ASSIGNMENT:
Repeat, word for word, each of the records shown below, without their pictures.

--- EXERCISE DATA Enclosed Below ---

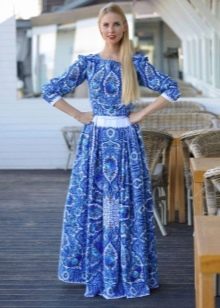 Moderna duga haljina u ruskom stilu s uzorkom gzhel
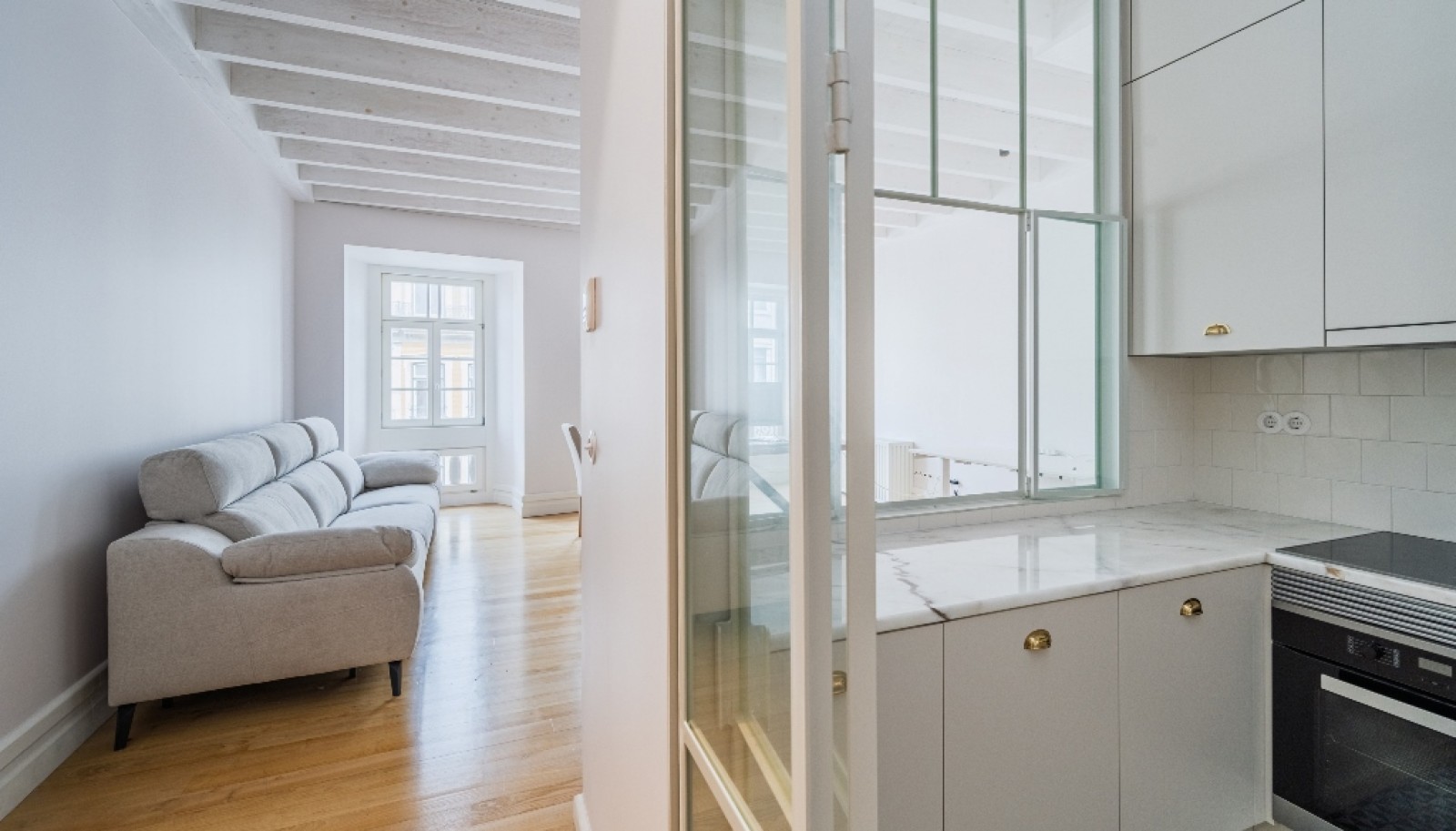 Apartamento T3 para venda na zona histórica do Porto_370462
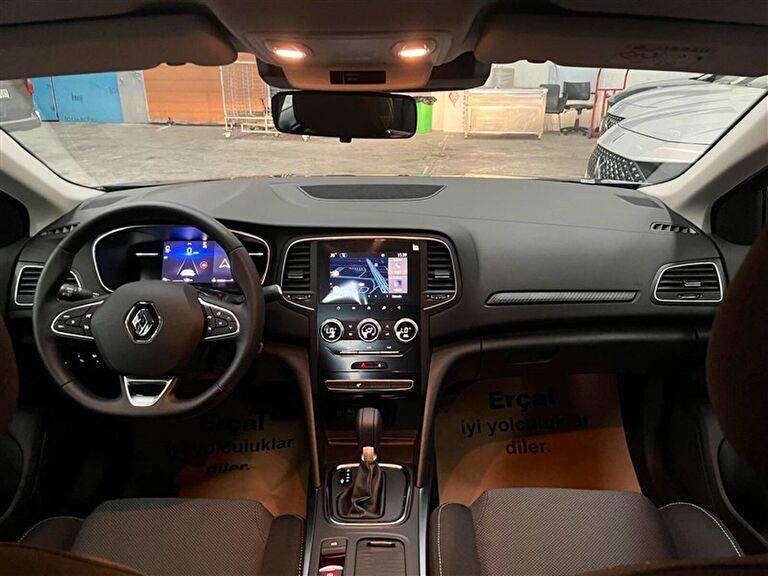RENAULT MEGANE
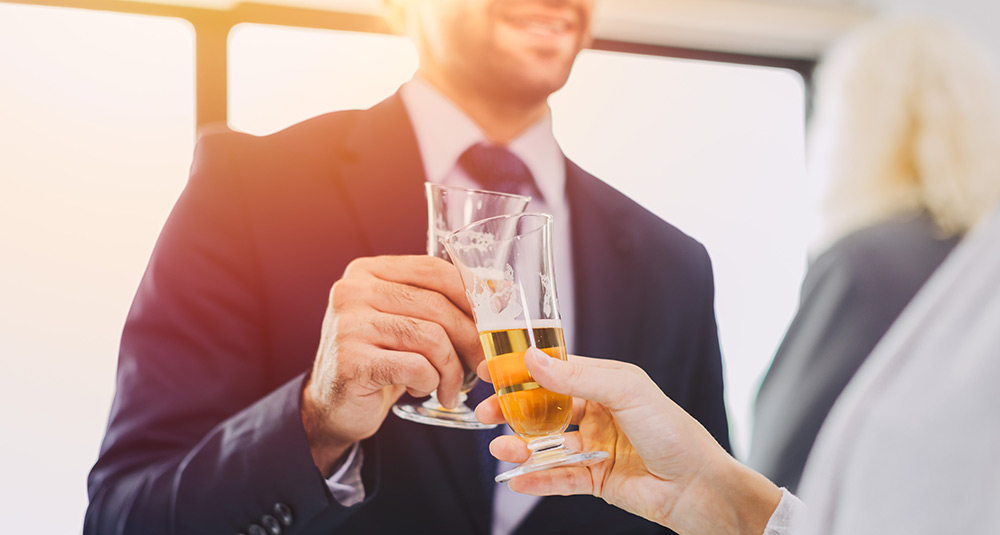 Alcohol After Hair Transplant: Safety Timeline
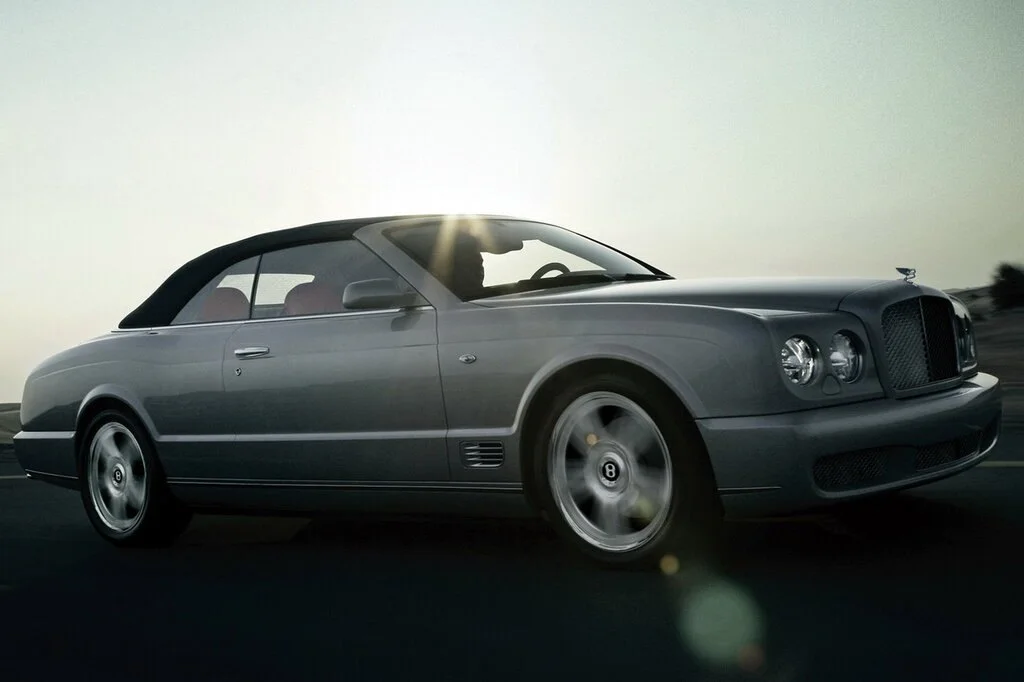 Фото Bentley Azure (2010) — внешний вид, фото 5. Кузов снаружи: пропорции и линии Bentley Azure (2010) — внешний вид, фото 5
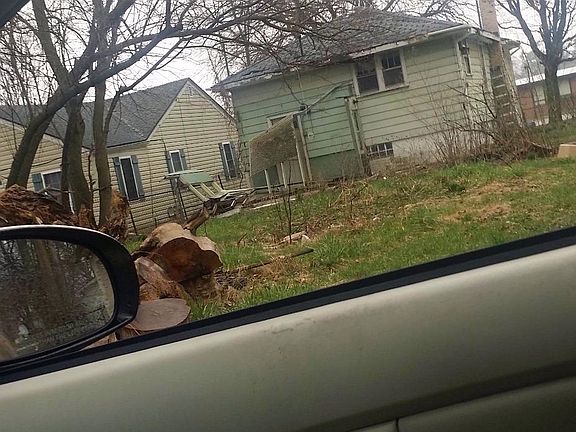 4th image of 2278 Parke St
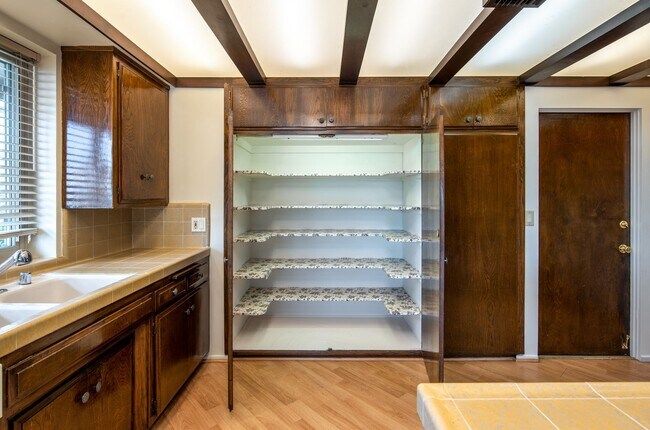 Building Photo - Home in La Crescenta Mountains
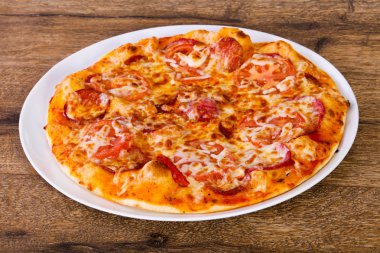 Biberli pizza sosis ve peynir ile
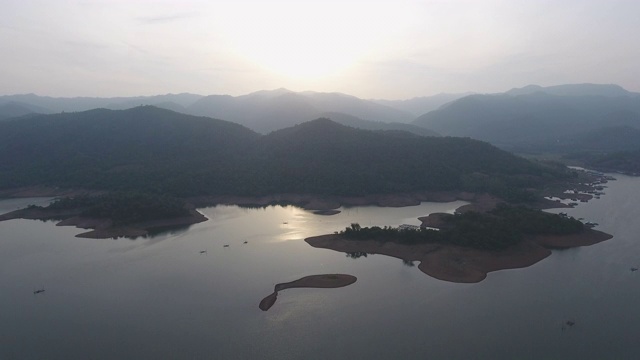 筏屋与湖岸线在日落，航拍视频视频素材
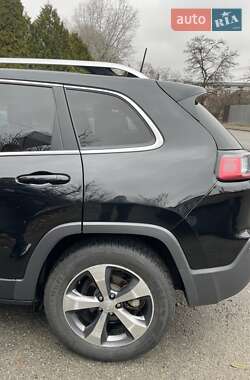 Внедорожник / Кроссовер Jeep Cherokee 2019 в 
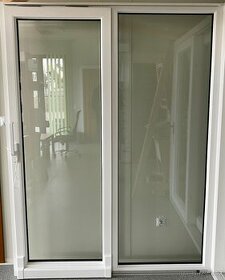 Sklopně-posuvný balkon automat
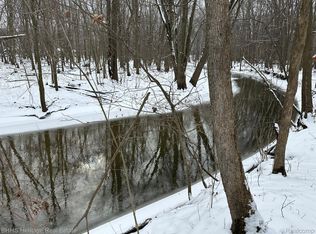 W Allen Rd, Fowlerville, MI 48836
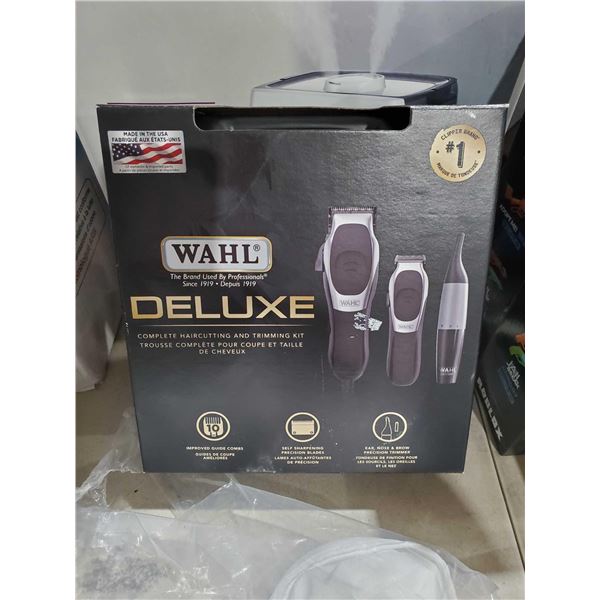 Wahl Deluxe Complete Haircutting  and Trimming Kit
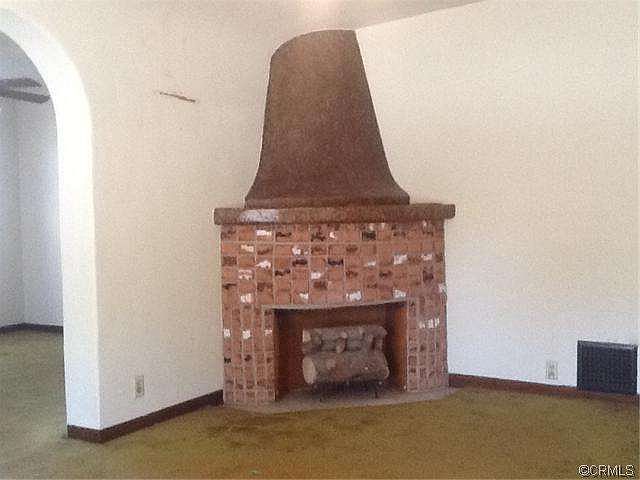 2nd image of 2310 Magnolia Ave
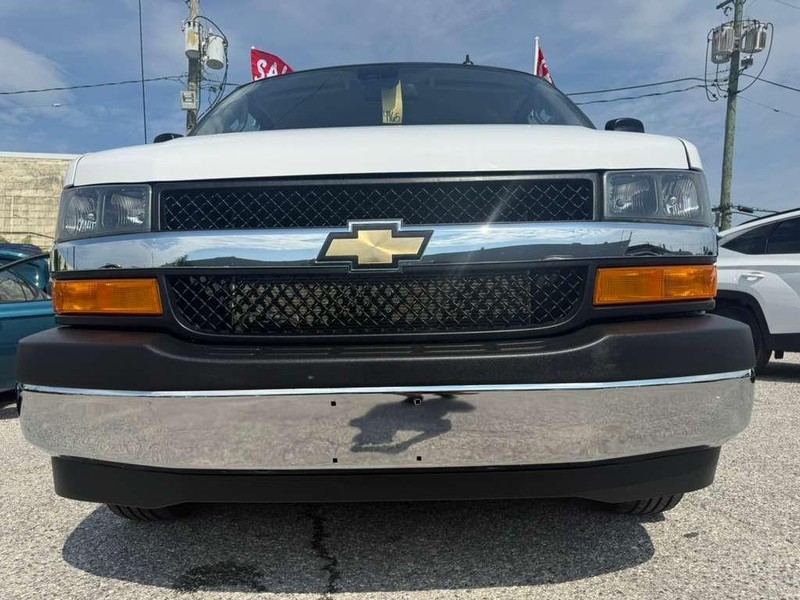 Chevrolet Express Passenger Vehicle Full-screen Gallery Image 5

--- End of Enclosed EXERCISE DATA ---

YOUR SOLUTION:
 Moderna duga haljina u ruskom stilu s uzorkom gzhel
 Apartamento T3 para venda na zona histórica do Porto_370462
RENAULT MEGANE
 Alcohol After Hair Transplant: Safety Timeline
 Фото Bentley Azure (2010) — внешний вид, фото 5. Кузов снаружи: пропорции и линии Bentley Azure (2010) — внешний вид, фото 5
 4th image of 2278 Parke St
 Building Photo - Home in La Crescenta Mountains
 Biberli pizza sosis ve peynir ile
 筏屋与湖岸线在日落，航拍视频视频素材
 Внедорожник / Кроссовер Jeep Cherokee 2019 в 
 Sklopně-posuvný balkon automat
 W Allen Rd, Fowlerville, MI 48836
 Wahl Deluxe Complete Haircutting  and Trimming Kit
 2nd image of 2310 Magnolia Ave
 Chevrolet Express Passenger Vehicle Full-screen Gallery Image 5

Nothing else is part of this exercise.